= Jaguar (British rocket) =

The Jaguar (also called Jabiru) was a three-stage British sounding rocket built in several versions.

The first stage of the Jabiru Mk.1 was 5.6 m long and had a takeoff weight of 1,170 kilograms, of which about 866 kilograms were fuel, being powered by a Rook II engine. The second stage weighed 292 kilograms, of which 184 kilograms were allotted to fuel, and was powered by a Gosling II engine. The third stage contained 26 kilograms of fuel and was powered by a Lobster I engine. In all stages solid fuel was used. The complete rocket was 12 meters long.
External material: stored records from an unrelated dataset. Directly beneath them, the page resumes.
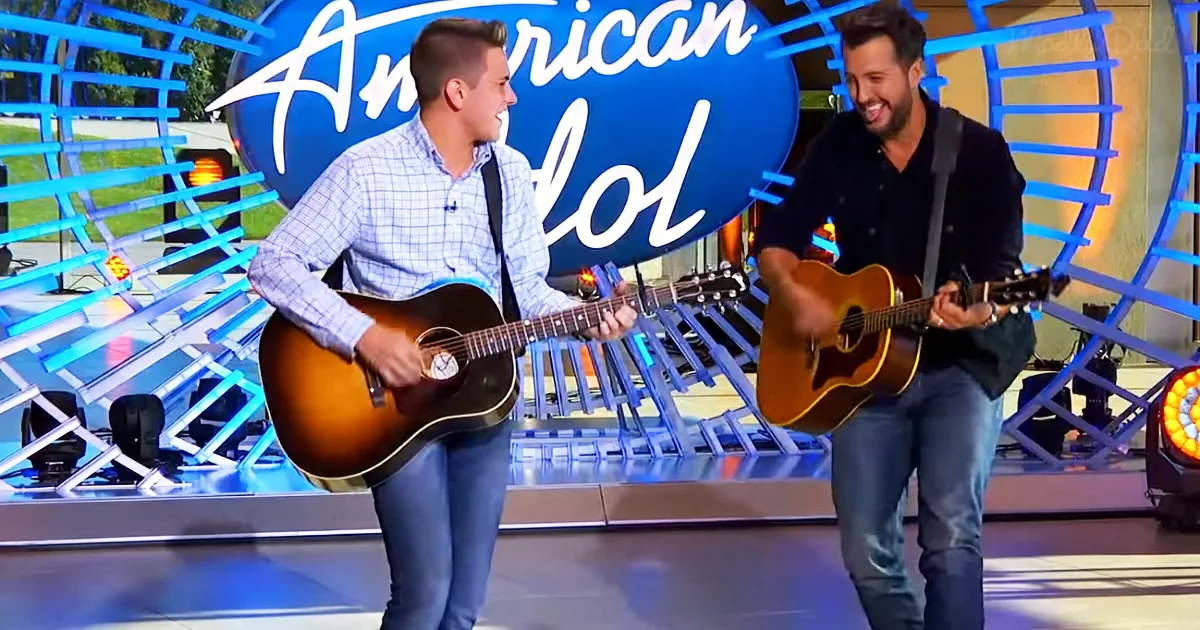 Two men play acoustic guitars on stage with "American Idol" backdrop.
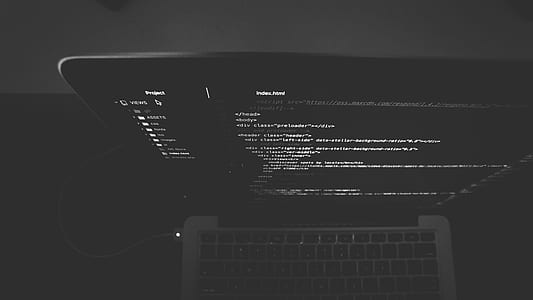 MacBook Pro displaying source code of software thumbnail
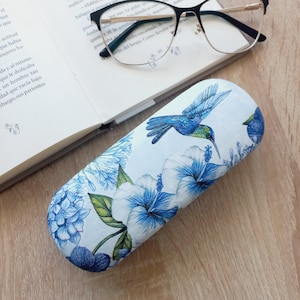 Könnte beinhalten: Ein weißes Brillenetui mit einem blauen Kolibri- und Blumenmuster. Das Etui zeigt einen lebendigen blauen Kolibri mit grünen Akzenten, umgeben von blauen Hibiskusblüten und grünen Blättern. Eine Brille liegt auf einem offenen Buch.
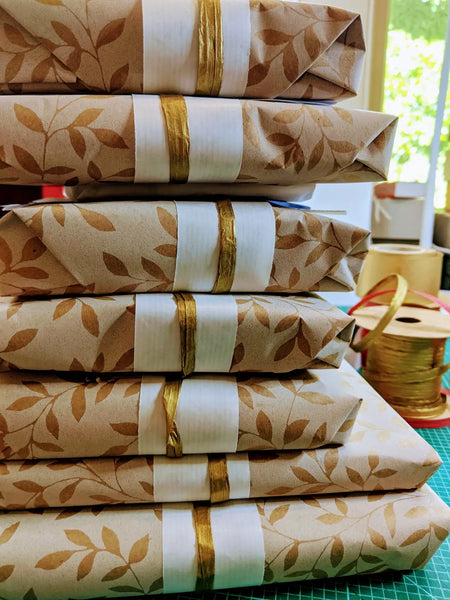 A pile of gifts wrapped in kraft eco-wrapping paper with paper ribbons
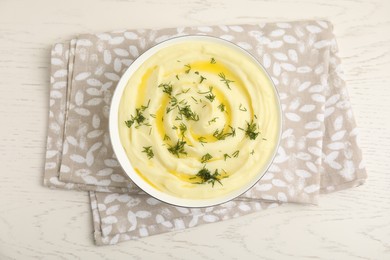 Photo of Freshly cooked homemade mashed potatoes on white wooden table, top view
The Jabiru Mk.1 was launched several times between 1960 and 1964 at the aerospace testing area at Woomera, South Australia.

The follow-up version, the Jabiru Mk.2, contained an improved starting stage (Rook IIIA) and a second stage (Goldfinch II) with 307 kilograms of fuel as well as a third stage (Gosling IV) with 190 kilograms fuel. The Jabiru Mk.2 was launched ten times at Woomera between 1964 and 1970.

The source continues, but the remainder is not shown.